TASK STATEMENT: Return each line of the listing below, unchanged, and omit the images.

········

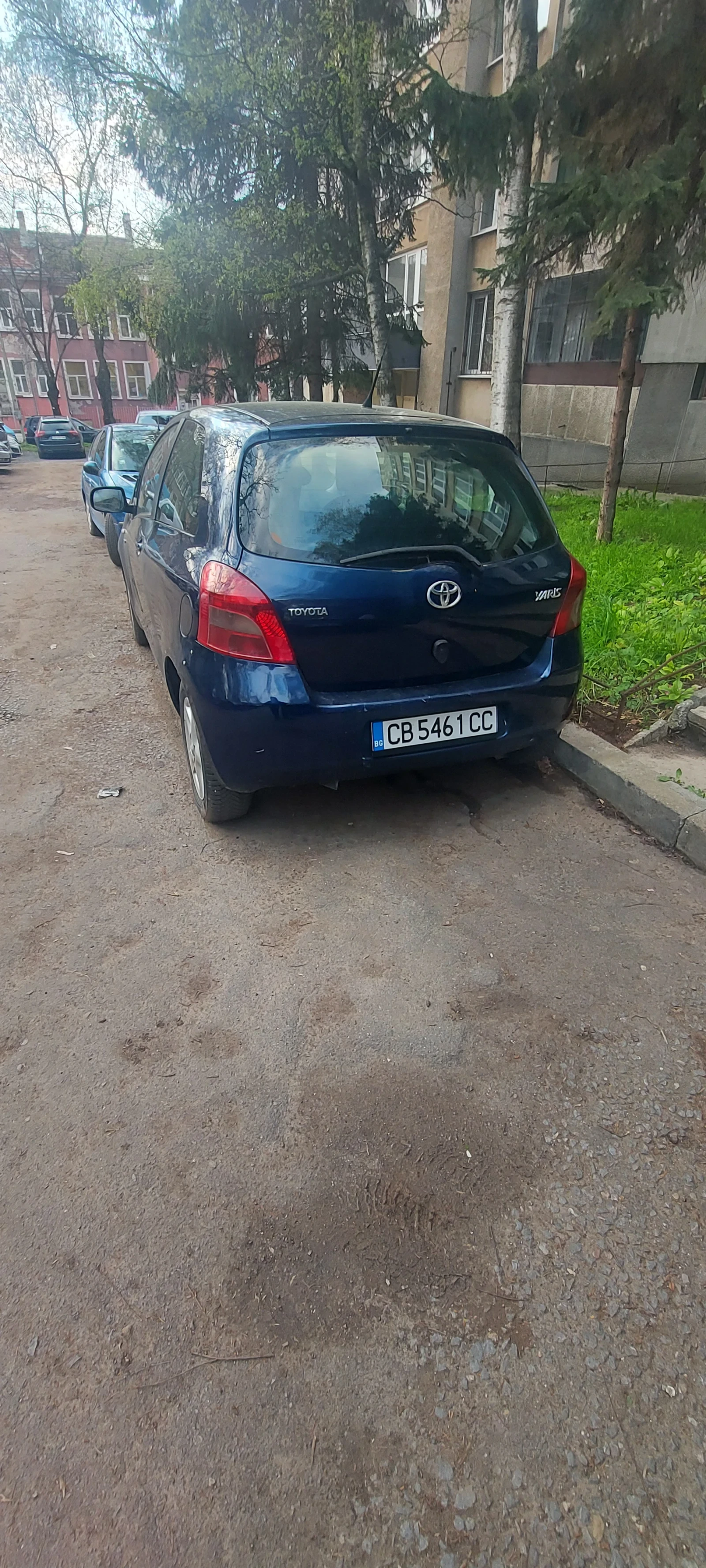 Toyota Yaris  - изображение 3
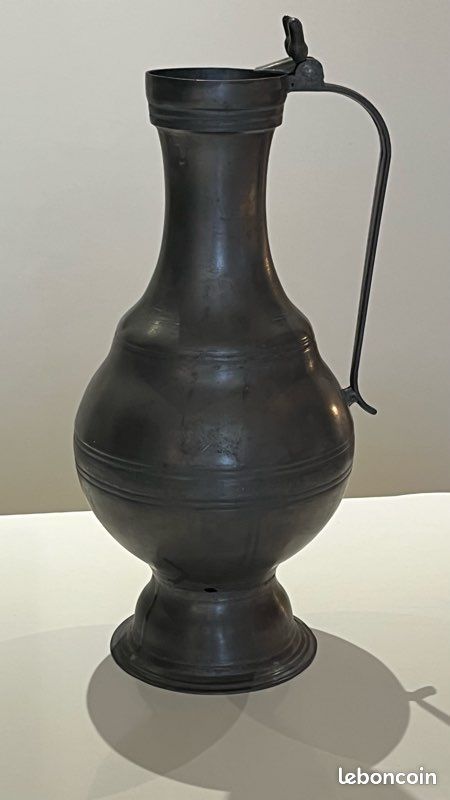 Pichet en etain (image 2)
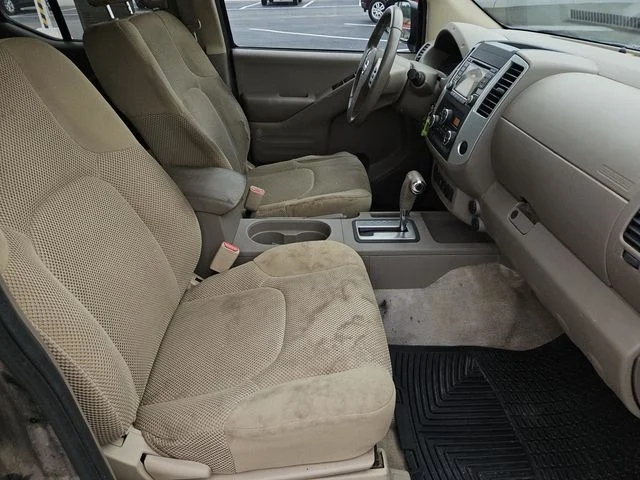 Used 2015 Black Nissan SV image 30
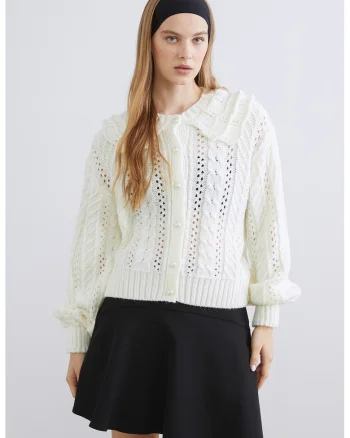 Cardigan cu nasturi tip bijuterie si perforatii, Crem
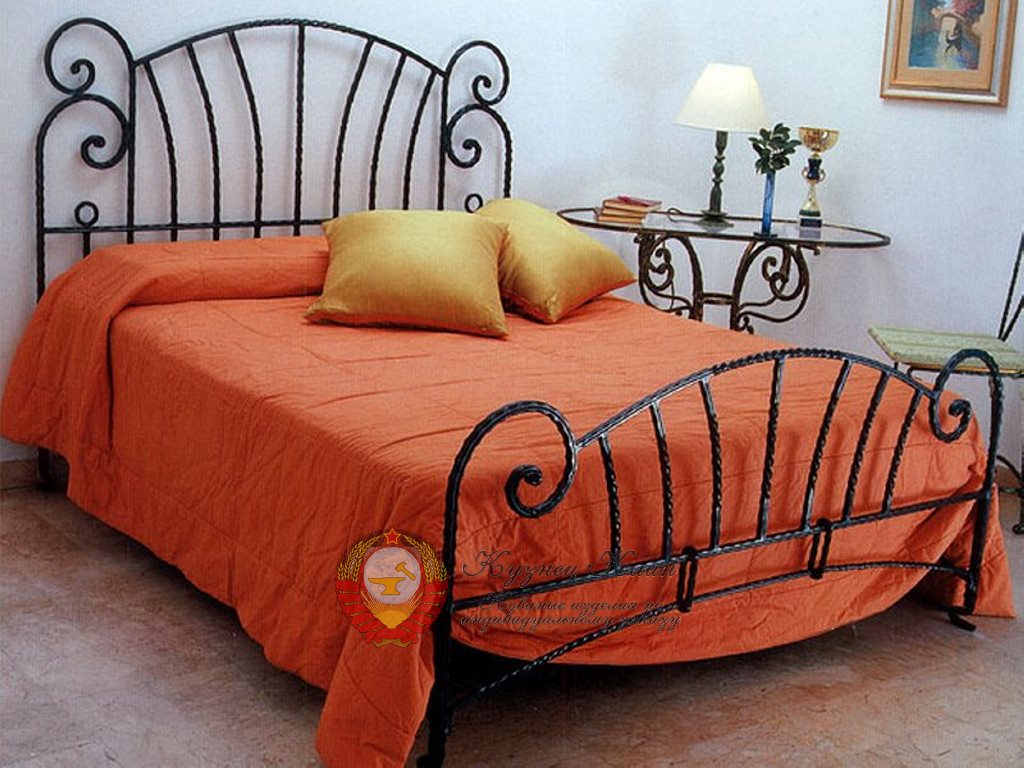 Кованая кровать с фактурой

········

ANSWER FOR THE TASK:
 Toyota Yaris  - изображение 3
 Pichet en etain (image 2)
 Used 2015 Black Nissan SV image 30
 Cardigan cu nasturi tip bijuterie si perforatii, Crem
 Кованая кровать с фактурой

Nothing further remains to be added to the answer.